HEMPSTEAD, N.Y. (CBSNewYork) — Huge crowds amassed at town tax offices on Long Island Tuesday.

As CBS2’s Jessica Moore reported, thousands of people showed up to prepay their 2018 property taxes to get around the cap imposed by the new federal tax plan.

Now the big question is, will the IRS honor the prepayments?

Phones have been ringing off the hook at the Hempstead Town Tax Receiver’s office in Nassau County and lines have been stretching through the halfway around the building.

There was also chaos in the parking lot, with not enough spaces for everyone trying to prepay part or all of their 2018 property taxes.

Much of the rush was spurred by Gov. Andrew Cuomo urging residents to pay ahead to avoid the deductibility of their state and local taxes being capped at $10,000 come next year.

“What happened on Friday was the governor announced that he signed an executive order for allowing for the prepayment of general taxes, so we’ve been in all weekend long to implement a plan,” said Hempstead Receiver of Taxes Donald Clavin.

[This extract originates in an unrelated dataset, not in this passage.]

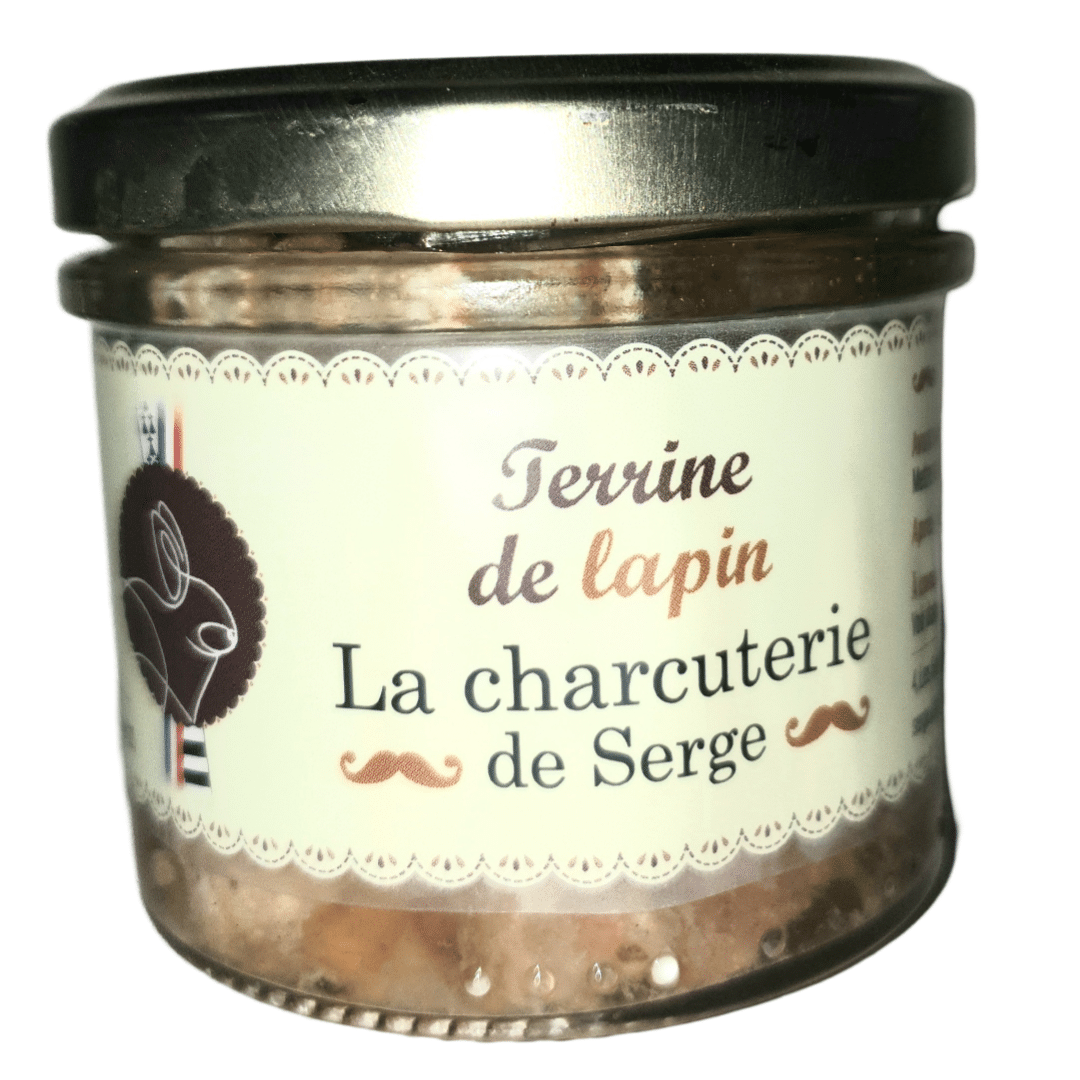 terrine de lapin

Extra workers were called in from vacation, and they will be at it right through the weekend to beat the Dec. 31 deadline. But many online grumbled that right after the holidays, they were rushing to come up with many thousands of dollars weeks ahead of when taxes are due in February.

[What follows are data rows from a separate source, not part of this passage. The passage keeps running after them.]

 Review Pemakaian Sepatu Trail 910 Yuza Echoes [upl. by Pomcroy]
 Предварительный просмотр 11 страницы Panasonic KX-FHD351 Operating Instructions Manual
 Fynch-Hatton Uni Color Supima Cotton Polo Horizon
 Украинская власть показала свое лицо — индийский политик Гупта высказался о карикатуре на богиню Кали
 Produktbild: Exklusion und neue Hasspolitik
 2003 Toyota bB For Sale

“I can do some of it now, but I really wish I didn’t have to,” said Karen Bula of West Hempstead. “It’s too much of a hardship.”

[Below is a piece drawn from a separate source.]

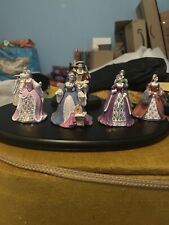 Compton And Woodhouse Coalport Henry VIII and Six Wives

Worse yet, there is uncertainty because the IRS has yet to announce whether it will even accept the prepaying of taxes for 2018 on residents’ 2017 federal returns.

“Why am I laying out all this money if the IRS is not going to honor the prepayments?” said Bill Zeirino of Woodmere. “What’s the purpose of it?”

Even tax officials are not sure how the prepayments will be treated.

‘I think the people that need to answer that would be the governor, who signed the executive order, and somebody from the IRS to give people clarity,” Clavin said.

CBS2 reached out to the governor’s office and the IRS, but there was still no definitive answer late Tuesday. But tax experts said they expect at least the school portion of property taxes to be accepted, because the bills were sent out to the frustrated and anxious residents in 2017.

Meanwhile, to ease lines at offices, Nassau County said it hopes to have the 2018 bills online by Wednesday morning, so they can be prepaid right at home on your computer.